### Task brief
Leave out any picture and return the remaining listing below exactly as given.

### Working data
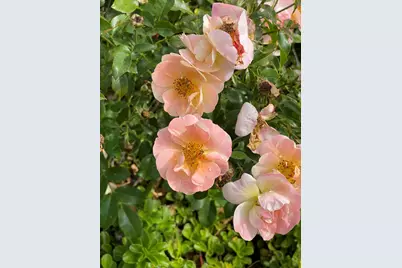 40W378 Francis Bret Harte Street, Saint Charles, IL 60175 - Photo 74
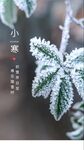 节气刷屏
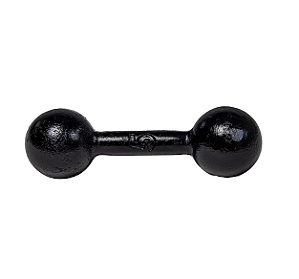 Halter Bola Pintado 8kg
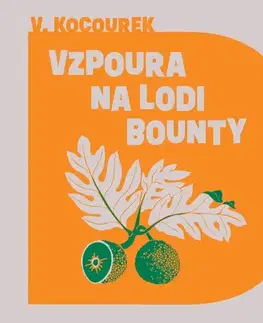 Beletria - ostatné Tympanum Vzpoura na lodi Bounty
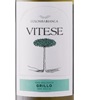 Vitese Grillo 2017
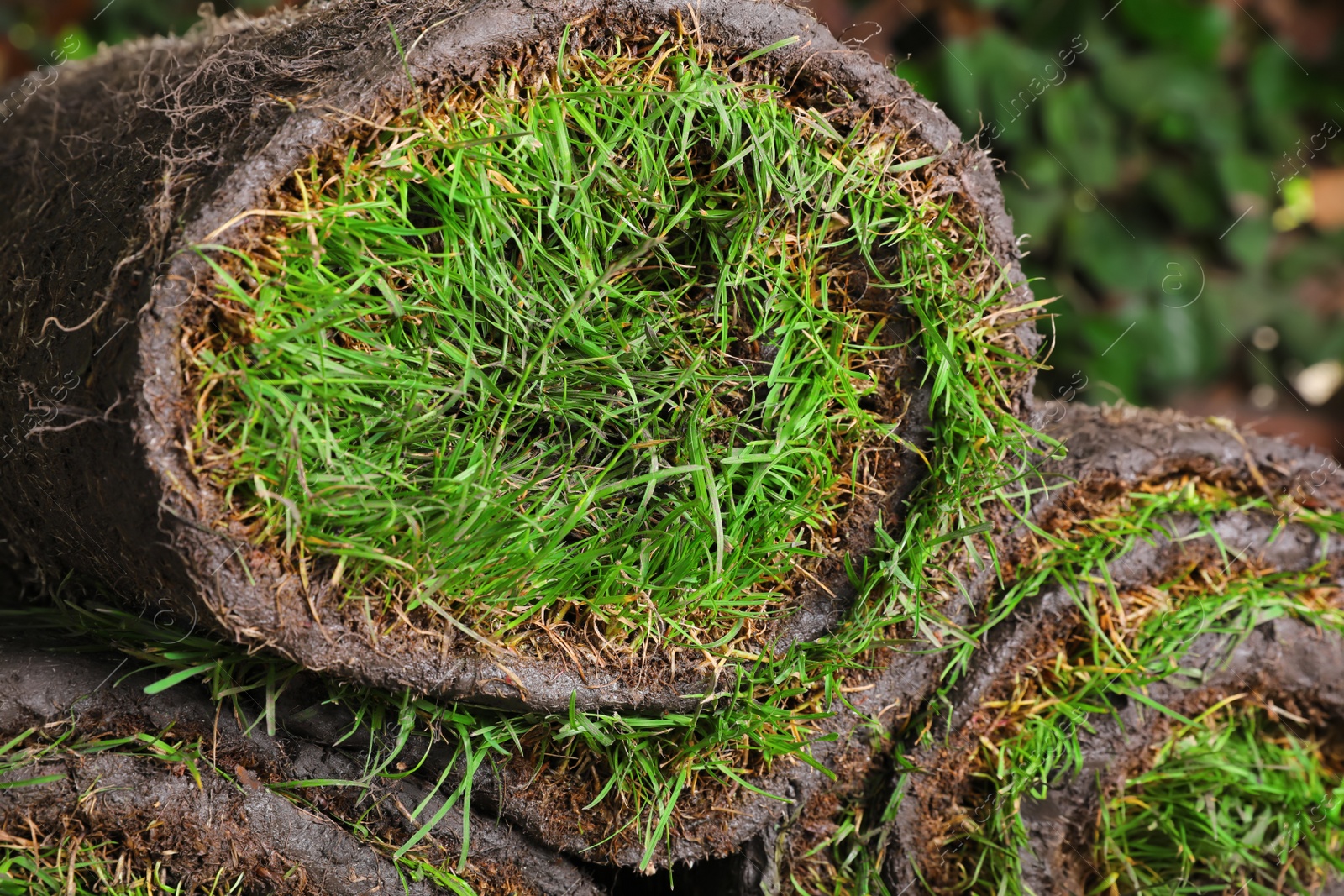 Photo of Closeup view of rolled sod with grass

### Expected answer
 40W378 Francis Bret Harte Street, Saint Charles, IL 60175 - Photo 74
 节气刷屏
 Halter Bola Pintado 8kg
 Beletria - ostatné Tympanum Vzpoura na lodi Bounty
 Vitese Grillo 2017
 Photo of Closeup view of rolled sod with grass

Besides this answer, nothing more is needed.